Raft Festival presents a screening of Here For Life, a film by Andrea Luka Zimmerman and Adrian Jackson, followed by live conversation and readings
Doors: 7pm
Tickets: £7 - £15
This event is part of the Raft Festival programme (see the main festival page on our website for full listings).
One-off tickets are available for every Raft event on a sliding scale basis. We encourage you to consider purchasing a ‘festival pass’ bundle ticket which will allow you, at a reduced rate, to access a given number of events across the full programme (either 5 events, 10 events, or all 30 events). See the link below for more details about these options!
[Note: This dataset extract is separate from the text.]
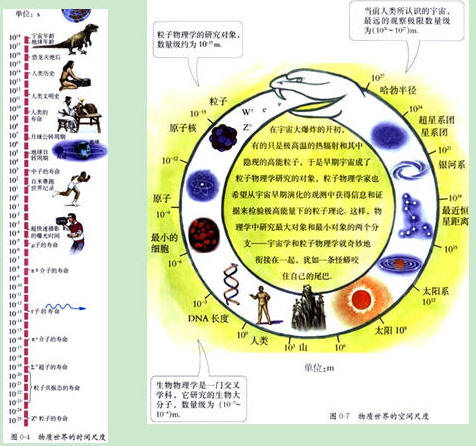 高中物理的自然規律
In a world and a city framed by finance and loss, ten Londoners make their wild and wayward way, arguing for their own terms of definition as they go: singular lives, nudging towards a co-existence stronger than 'community'. On reclaimed land they find themselves, between two train tracks, on the right side of history, making their own wagers with the present tense and future hopes: with who has stolen what from whom, and how things might be fixed. Hesitant, troubled, open to wonder, bearing their wounds, so they, unruly, stage their lives. It is a heightened, often contradictory rite of passage; finding solidarity in resistance, clear of demands except the right to go on.
Sometimes we simply need to hear our stories told by someone else...
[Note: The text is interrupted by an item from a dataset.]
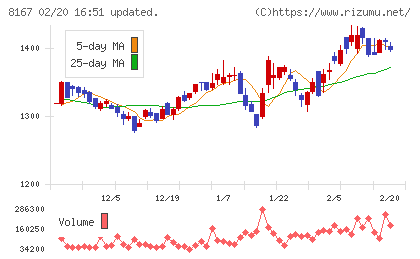 リテールパートナーズチャート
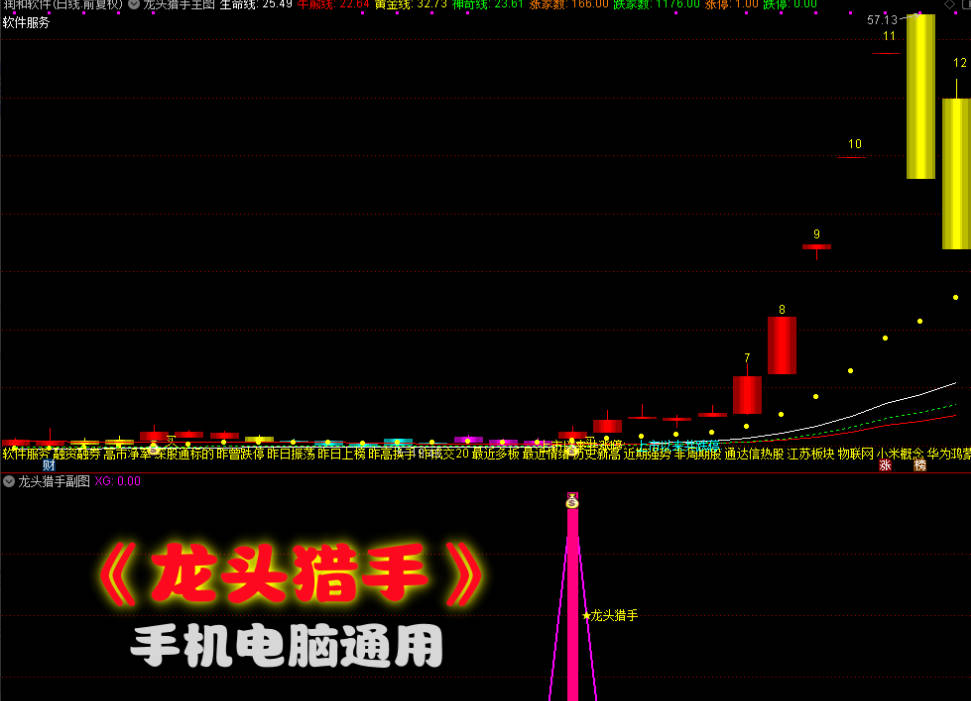 【龙头猎手】主图副图选股指标/筹码体系捕捉龙头起涨信号/手机电脑通用信号不漂移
Here For Life is a 2019 film by Andrea Luka Zimmerman and Adrian Jackson. The cast dance together, steal together, eat together; agree and disagree, celebrate their differences and share their talents. They cycle, they play, they ride a horse. The lines between one person’s story and another’s performance are blurred and the borders between reality and fiction are porous.
The screening will be followed by live conversation and readings.
Andrea Luka Zimmerman is an artist, filmmaker and cultural activist. Andrea’s work is concerned with marginalisation, social justice and structural violence. She has been nominated for The Grierson Award and The Film London Jarman Award. Her films include Erase and Forget (2017), which had its world premiere at the Berlin Film Festival and was nominated for the The Glashütte Original Documentary Award and Estate, a Reverie (2015),which documents the last days of Hackney’s Haggerston Estate before its demolition, the artist’s home for 17 years.
Adrian Jackson is a theatre maker, playwright, teacher, translator and one of the world’s leading experts on the Theatre of the Oppressed. In 1991, he founded Cardboard Citizens, a theatre project that aims to change the lives of homeless people through the performing arts. He has directed over 50 plays with Cardboard Citizens, including Pericles (2003) and Timon (2006) with the Royal Shakespeare Company, The Beggar’s Opera(1999)with the English National Opera, Mincemeat (2009), winner of an Evening Standard Theatre Award and A Few Man Fridays (2012). Jackson had a long association with Augusto Boal–the Brazilian theatre maker, theorist and founder of the Theatre of the Oppressed–and has translated a number of Boal’s books into English. More recently, he directed a production of Ali Taylor’s play Cathy (2016/17), and, with Caitlin Mcleod, Home Truths, an Incomplete History of Housing Told in Nine Plays (2017).